I wish I can hurt him the way he hurts me. But I know that if I had the chance to do it... I wouldn't even think about doing it...

Because I still care about him.

And that's the worst part.

Drowning in my deep thoughts, someone knocked on my door. I didn't need to think twice, it's surely Piper because she's the only person in the house beside me.

My parents haven't come home since yesterday, and honestly, that doesn't surprise me anymore.

My sister is probably going to ask me if I want to eat, because she felt that something is going wrong, I just didn't have the courage to tell her.

So when I told her I didn't want to eat, she still entered the room. I was shocked because she never does that. When I turned to tell her to leave me alone, I saw him... the only person I didn't want to see at that moment.

He sat next to me on my bed, so I just stood up and decided to leave but he stopped me.

I know I have to face him at some point, but i'm not ready yet. I can't do it! I don't want to do it.

Martinus:" Maria, you can't avoid me forever."

Maria:" Try me!"

Martinus:" I can explain. The thing is..."

Maria:" You don't have to! Whatever the reason is, I don't care! Because of you, Lola insulted me again in front of everyone. And I think you asked me to dinner because you wanted me to feel better, not worse."

Martinus-:" I couldn't take it! I saw you and Marcus dancing so I thought you were a thing and that you were hiding it from me. I was jealous, okay? But Marcus told me what happened and I feel terrible right now."

I stared at him for a second then walked away. He was jealous?  Does that mean he... likes me?

But does it really matter right now?

He still doesn't understand that I'm damaged, that I have struggled, that I can no longer trust anyone in my life, because everyone always leaves and hurts me.

At this point, I don't care if Martinus made me suffer on purpose or not. What's done is done, and I never give a second chance.

I'm not a drama queen, i'm just a girl who had been strong for a long time. But the truth is, she can't take it anymore.

Maybe Lola is right, i'm really useless and pathetic. Sadness became my one and only friend, and to be honest, I don't like this feeling, and I never will.

At the moment when my foot stepped outside my bedroom, I looked at Martinus one last time and said:

"You have ten seconds to leave my house. And here's a tip: don't enter my life if you can't handle it."

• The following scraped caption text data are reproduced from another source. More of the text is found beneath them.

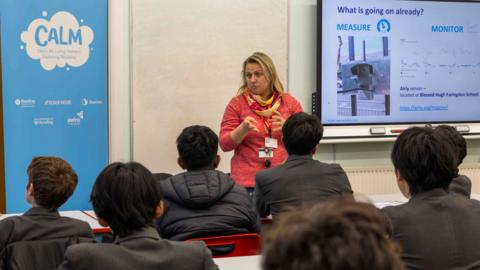 Teacher in a classroom delivering a lesson on air quality control.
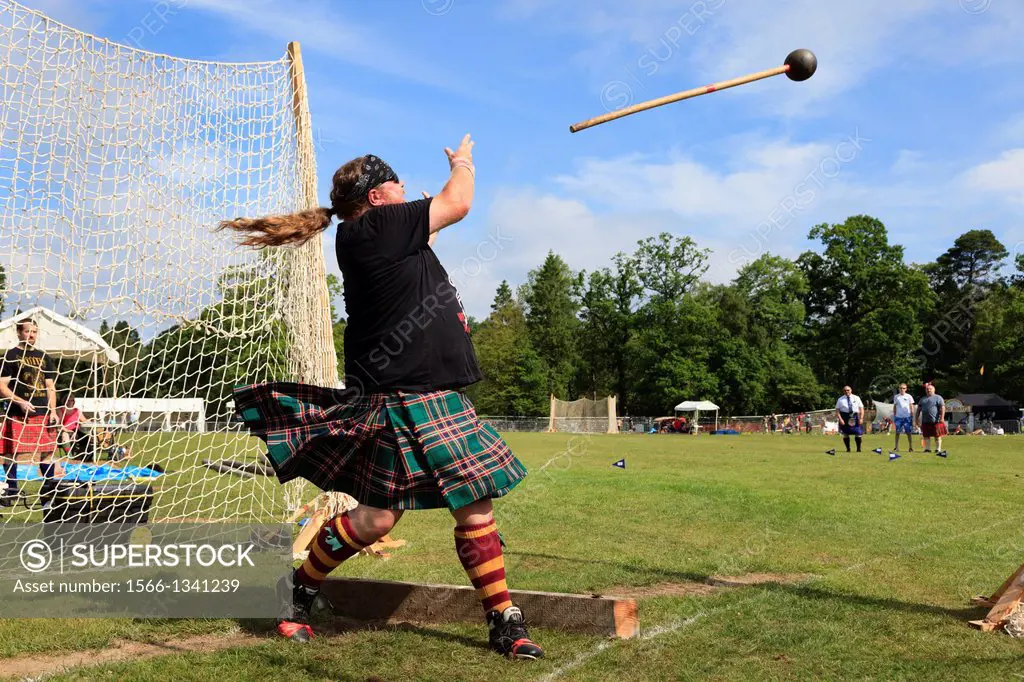 Competitor at Scottish highland games throwing the 22 pound hammer, a traditional Scottish competition taking place at Balloch near Loch Lomond, Glasg...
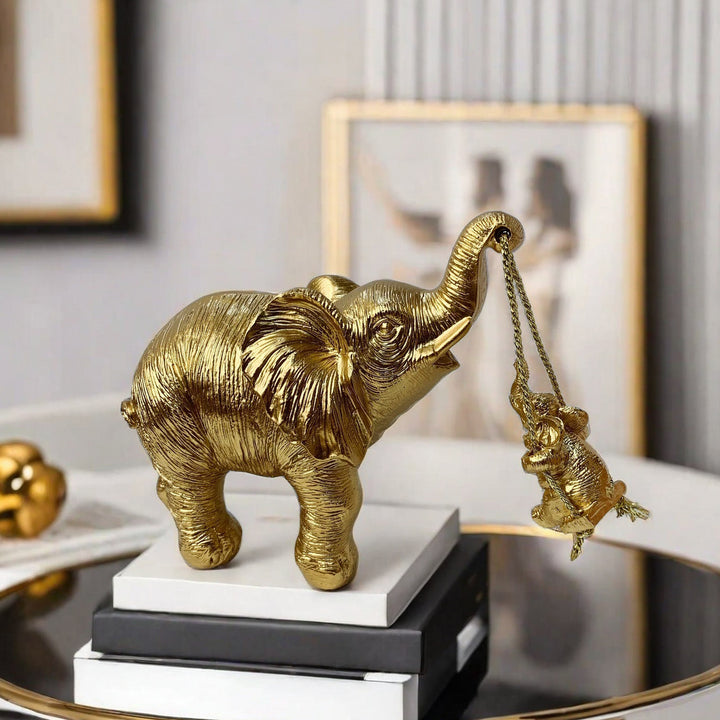 Decorative elephant figure with child Kalsten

Martinus-:" Forgive me, forgive this fool. Sorry that I acted so cruel, that I didn't trust you, I realized that I like you, a lot. Let's start new!"

Start new? If only you can easily forget about what hurt you.

I never knew this was going to end like this. In my head, everything seemed to be so perfect. But now I realized that my life was better without any friends.

And what about my writing and singing career? I think I can figure things out on my own. I never needed anyone to help me, so i'll work alone. But "if" I wanted someone by my side, to tell me that everything will be okay, I know where i'll find him. Marcus has proven that he really deserves my friendship.

But for now, I'm better on my own.

Piper asked me what was wrong. I know she wants to help, but there are some things even sisters can't share.

But I did tell her that I will quit working with Marcus and "the other twin". She was surprised at first, but she can't force me to do anything.

I just wish my happiness lasted longer.

Why does sadness last forever, while happy moments are just temporary?

It's hard, really hard, saying goodbye to someone you wish to spend your lifetime with.